People who’ve given up on that can just say “often” or “very often” to all the questions, and get meds.

Seriously.

Psychiatrist Scott Alexander wrote:

“If by some chance a psychiatrist doesn’t give a patient Adderall, that patient practically always goes to another psychiatrist, and that next psychiatrist does. Trust me, no matter how unsuitable a candidate you are, no matter how bad a liar you are, somewhere there is a psychiatrist who will give you Adderall. And by “somewhere”, I mean it will take you three tries, tops.”

Makes one feel rather cynical about the world, doesn’t it?

Personally, I care if people are accessing medication that helps them function better. I wish we didn't have any of the gatekeeping or labels or screening tests except insofar as we used it to predict who would benefit from meds.
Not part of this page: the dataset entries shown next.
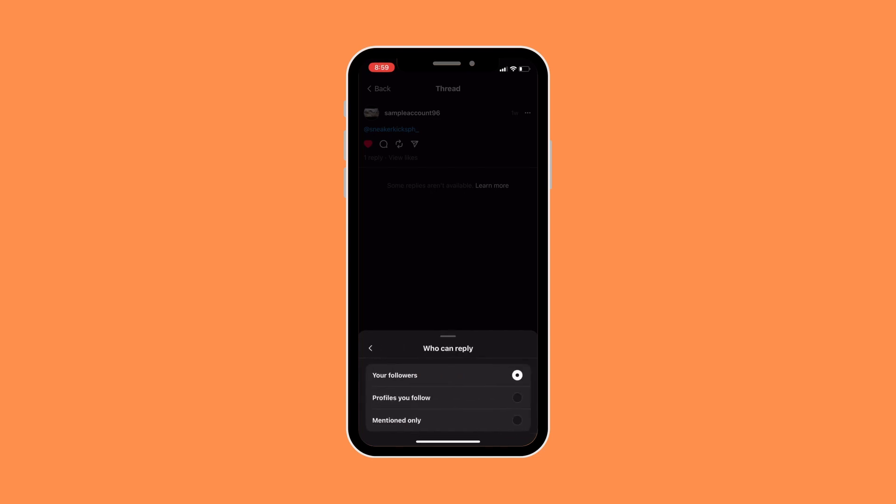Whether it be your followers, profiles you follow, or mention only. But for the sake of the video I'll just be choosing 'Your followers', but you can change it to whatever you like later on.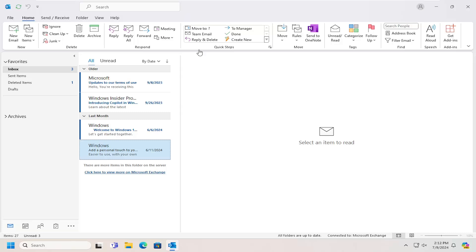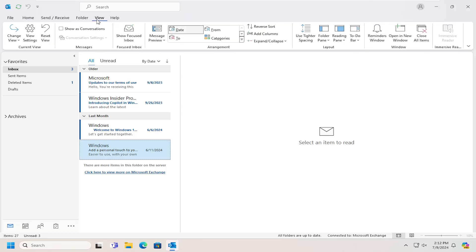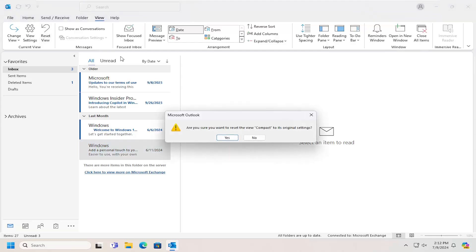All you have to do is select the View tab up at the top. Now you want to locate the button that says Reset View — it says 'Reset All Current View Settings to the Default Settings for this folder.' Go ahead and select that. It's going to prompt you: 'Are you sure you want to reset the view to its original settings?' Select Yes.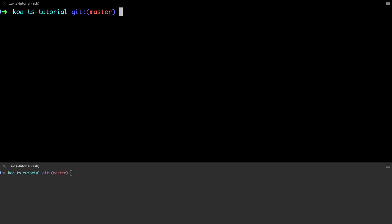We're almost done. We've just got one more thing to do and that's to add in a new endpoint that allows us to delete individual games from our list. In order to do this we're going to make use of everything that we've learned so far.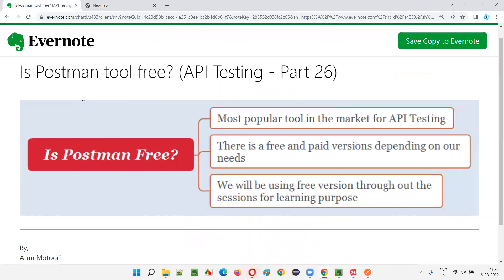Hope you understood whether Postman is a free tool or paid tool — it's both, as I've answered. We'll be using the free version for learning purposes throughout the sessions. That's all for this session. In the next session I'm going to cover another API testing concept. Till then, see you — bye!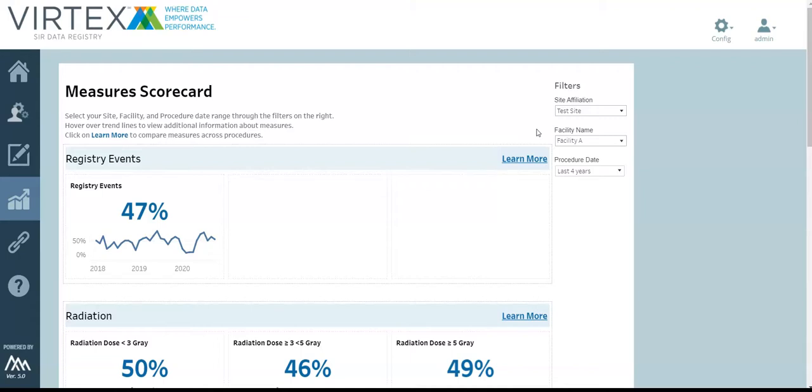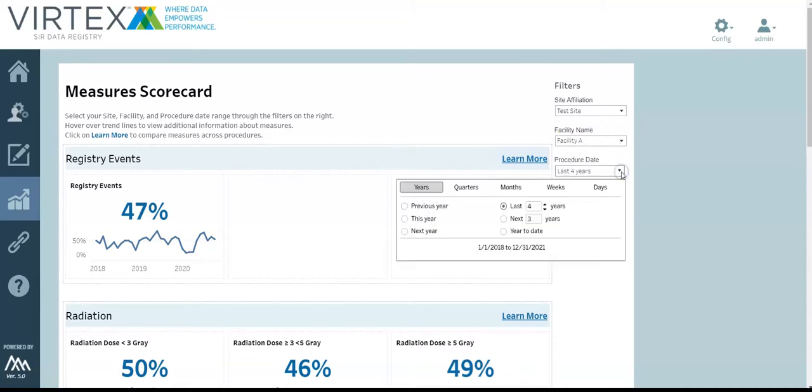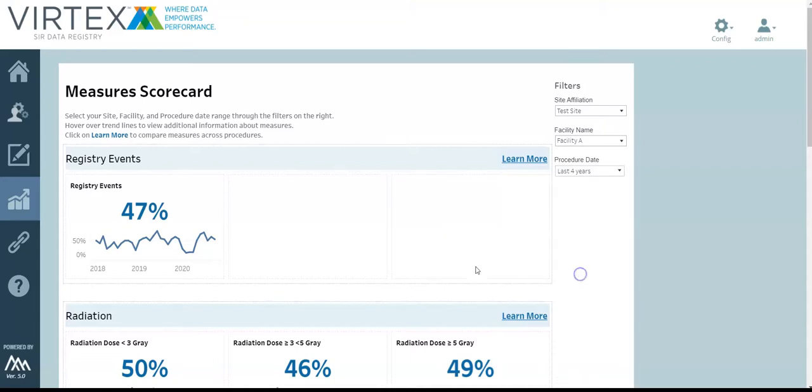Let's begin with the measure scorecard. Within the report, you can filter based on your site, facility, or procedure date. The measures are grouped by section, including registry events, radiation, contrast, anesthesia, and MIPS.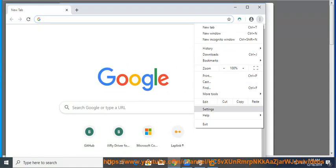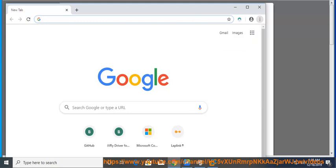To the right of the address bar, tap More (the three dots), and when the menu opens, click on Settings.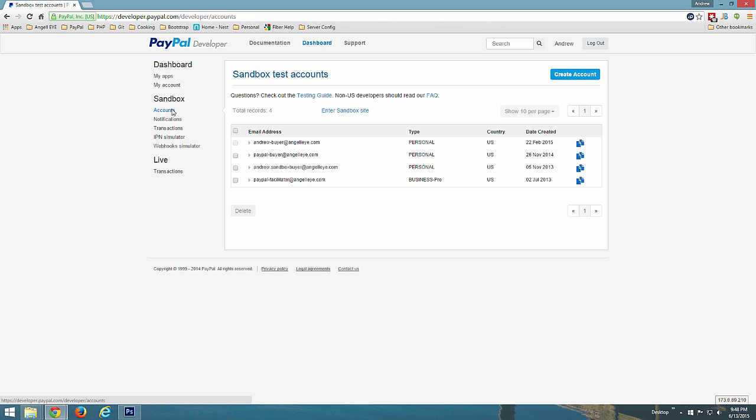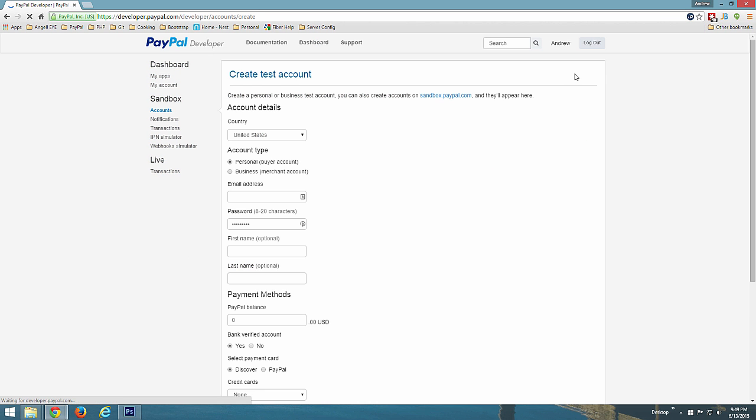This displays any existing Sandbox accounts you may have. Click the Create Account button to create a new PayPal Sandbox account.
My ideal solution would be for everyone to try stimulants, see if they notice a difference, and then take them if it makes their life better (and for all of this to be completely legal).

Of course, we’d inform people about the possible side effects like irritability, insomnia, fast heart rate, and high blood pressure – then we’d let them decide for themselves if the benefit was worth the side effects.

I’m also in a weird social bubble of unusually high conscientiousness and openness-to-experience[6] people where almost everyone will read at least Scott’s post about the risks of Adderall before trying drugs, and almost no one would even consider taking 25 pills at once. This post is probably redundant for a quarter of that social bubble who have already investigated stimulants, but probably another quarter should check whether stimulants help them.

I know my vision is too optimistic (probably because of that weird social bubble), and we need some gatekeeping to avoid abuse. And obviously, doctors and society don’t quite agree. They have extra hoops you’ll need to jump through.

But if you’re a sensible person just trying to optimize your productivity, and you haven’t tried stimulants, maybe check you aren’t typical-mind-fallacying yourself out of a helpful tool?


Footnotes:

[1] Tip, the first answer probably doesn’t indicate ADHD. The second one is ambiguous but might, and the last answer sure sounds like ADHD.

[2] The typical mind fallacy is the mistake of assuming other people's experiences are similar to your own.

[3] This analysis and this analysis of US federal data found that 11% and 9.8% respectively of kids had been diagnosed with ADHD by a doctor. UpToDate, a well-trusted database of medical reviews for doctors, estimates that between 9 and 15 percent of school-aged children have ADHD. Meanwhile, this meta-analysis found that 6.7% of adults have ADHD, and UpToDate estimates 4.4%. 

[4] It seems to be a talking point on the internet that “ADHD meds don’t help if you don’t have ADHD,” but the limited studies we have on stimulant’s’ effects on non-ADHD populations don’t support this claim. This review focuses on the risks of misuse, but if you read the section “Effects of stimulants on cognition in individuals without ADHD,” all of the studies show neutral or positive effects, including on memorization tasks, working memory, cognitive control, and even creativity, though often with a smaller effect than for more impaired people.

[5] These doctors say it’s important that you had symptoms as a child, since current diagnostic criteria mostly say that you can’t develop ADHD as an adult. I’m confused by this, since there seems to be growing research that many people have ADHD as adults who didn’t have symptoms as kids. It’s possible that this will change in the future, similarly to how diagnostic criteria used to say you could not have both ADHD and autism, then changed when new research showed this was incorrect.

[6] Conscientiousness and openness to experience are two of the Big Five personality traits, and I expect being high on both to correlate with being cautious but willing to try potentially helpful medication.